Jenifer Wells, who'll be aboard 50-footer Wild Rose in her sixth Sydney to Hobart, isn't expecting conditions to match the infamous 1998 race - when six sailors died - as some are anticipating.

But Wells nevertheless had a word of warning for any rivals looking for an easy ride.

"If your boat and your crew are not prepared to go in, say, 40 and 50 knots in Bass Strait or elsewhere, even on the south coast of NSW or the eastern coast of Tasmania, you should not be going," Wells said on Tuesday.

"It is a part of the Hobart race that you would expect that.

"For us, the smaller boats, we expect it at least once. We could be facing it twice.

"So we need to be prepared and that is the absolute backbone of safety first for this race."

Wells was confident that if conditions did indeed turn dire the 109-strong fleet would cope, even if inevitably many boats didn't finish.

"I think we have learned a lot of about seamanship and safety from `98 and I don't believe we are looking at that scenario this year," she said.
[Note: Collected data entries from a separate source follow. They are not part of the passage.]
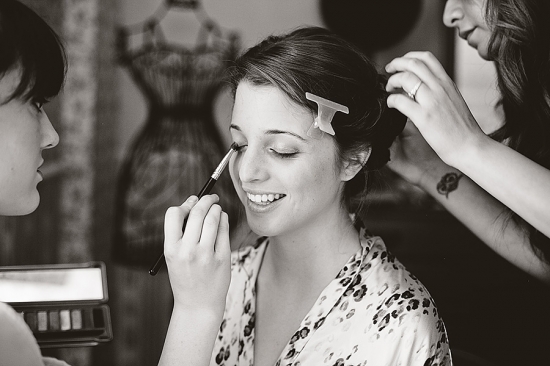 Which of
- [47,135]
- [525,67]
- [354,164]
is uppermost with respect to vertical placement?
[525,67]

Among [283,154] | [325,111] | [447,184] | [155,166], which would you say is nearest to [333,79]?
[325,111]

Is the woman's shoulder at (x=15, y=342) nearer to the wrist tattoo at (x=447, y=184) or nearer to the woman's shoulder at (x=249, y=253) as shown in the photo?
the woman's shoulder at (x=249, y=253)

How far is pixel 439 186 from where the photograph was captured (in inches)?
72.5

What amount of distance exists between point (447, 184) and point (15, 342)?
4.19 feet

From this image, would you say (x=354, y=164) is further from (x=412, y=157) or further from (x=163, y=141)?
(x=163, y=141)

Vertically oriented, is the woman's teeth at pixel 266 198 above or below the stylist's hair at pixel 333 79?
below

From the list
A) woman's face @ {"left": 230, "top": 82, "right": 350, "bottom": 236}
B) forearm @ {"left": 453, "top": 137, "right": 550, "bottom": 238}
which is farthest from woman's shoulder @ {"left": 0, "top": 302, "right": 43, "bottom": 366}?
forearm @ {"left": 453, "top": 137, "right": 550, "bottom": 238}

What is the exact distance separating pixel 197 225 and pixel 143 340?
7.86 ft

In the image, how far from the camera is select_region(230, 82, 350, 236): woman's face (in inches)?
58.1

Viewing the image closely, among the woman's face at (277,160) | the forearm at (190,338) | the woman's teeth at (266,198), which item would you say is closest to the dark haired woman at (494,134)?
the woman's face at (277,160)

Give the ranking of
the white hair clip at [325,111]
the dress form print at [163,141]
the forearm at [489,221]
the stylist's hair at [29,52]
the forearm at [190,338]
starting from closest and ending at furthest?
the stylist's hair at [29,52] → the forearm at [190,338] → the white hair clip at [325,111] → the forearm at [489,221] → the dress form print at [163,141]

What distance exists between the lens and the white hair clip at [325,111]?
55.9 inches

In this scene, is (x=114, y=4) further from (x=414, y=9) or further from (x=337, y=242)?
(x=337, y=242)

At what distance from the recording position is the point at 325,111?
1.45 meters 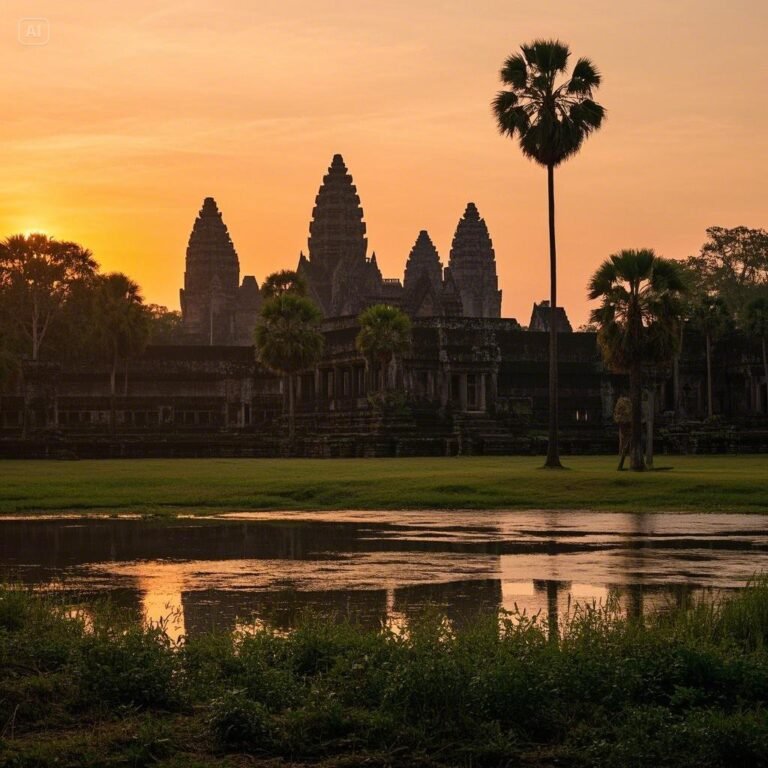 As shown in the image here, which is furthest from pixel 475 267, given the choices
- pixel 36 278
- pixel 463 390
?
pixel 463 390

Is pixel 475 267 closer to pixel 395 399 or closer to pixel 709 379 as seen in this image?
pixel 709 379

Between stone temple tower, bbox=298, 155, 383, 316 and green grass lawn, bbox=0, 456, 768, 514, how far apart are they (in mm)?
111602

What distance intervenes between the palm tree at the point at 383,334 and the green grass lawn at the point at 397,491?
34.4 m

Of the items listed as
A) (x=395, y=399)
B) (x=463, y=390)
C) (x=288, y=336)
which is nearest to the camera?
(x=288, y=336)

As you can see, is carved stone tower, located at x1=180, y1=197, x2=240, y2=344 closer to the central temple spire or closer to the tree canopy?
the central temple spire

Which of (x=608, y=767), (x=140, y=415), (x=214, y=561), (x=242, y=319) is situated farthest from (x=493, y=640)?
(x=242, y=319)

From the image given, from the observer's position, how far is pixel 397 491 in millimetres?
37812

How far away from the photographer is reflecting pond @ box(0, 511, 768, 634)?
691 inches

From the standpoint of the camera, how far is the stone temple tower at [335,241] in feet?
516

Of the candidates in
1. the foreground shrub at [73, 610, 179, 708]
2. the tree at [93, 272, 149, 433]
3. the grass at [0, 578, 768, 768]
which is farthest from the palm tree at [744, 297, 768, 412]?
the foreground shrub at [73, 610, 179, 708]

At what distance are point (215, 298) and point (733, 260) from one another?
70568 millimetres

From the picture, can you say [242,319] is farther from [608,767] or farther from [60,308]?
[608,767]

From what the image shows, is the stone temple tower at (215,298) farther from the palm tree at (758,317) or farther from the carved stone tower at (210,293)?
the palm tree at (758,317)

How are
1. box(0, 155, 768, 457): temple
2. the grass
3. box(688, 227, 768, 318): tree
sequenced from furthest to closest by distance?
box(688, 227, 768, 318): tree → box(0, 155, 768, 457): temple → the grass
Mike Broughton, navigator of Pretty Fly III, also a 50-footer, agreed that major advances in technology, training and know-how should ensure there would never be a repeat of the deadly 1998 race when, apart from the six casualties, five boats sank and 55 sailors were rescued in devastating 70 to 90-knot winds.

"A huge amount of things have changed since `98 - communications, EPIRBS, personal locator beacons, trackers, AIS, they're all new since `98," Broughton said.

"So you think of the difference as an ex-search and rescue helicopter pilot, the amount of information to find somebody as I used to do when I used to fly in the 90s to what we have now is a huge difference.

"The training with a view back to `98, there was no mandatory safety training.

"There wasn't even a mandatory first aid requirement in `98 either.

"So all those things that have happened since the `98 inquiry and they have been embraced across the world.

"The `98 race changed ocean racing ... now it's a much better sport and a much safer sport."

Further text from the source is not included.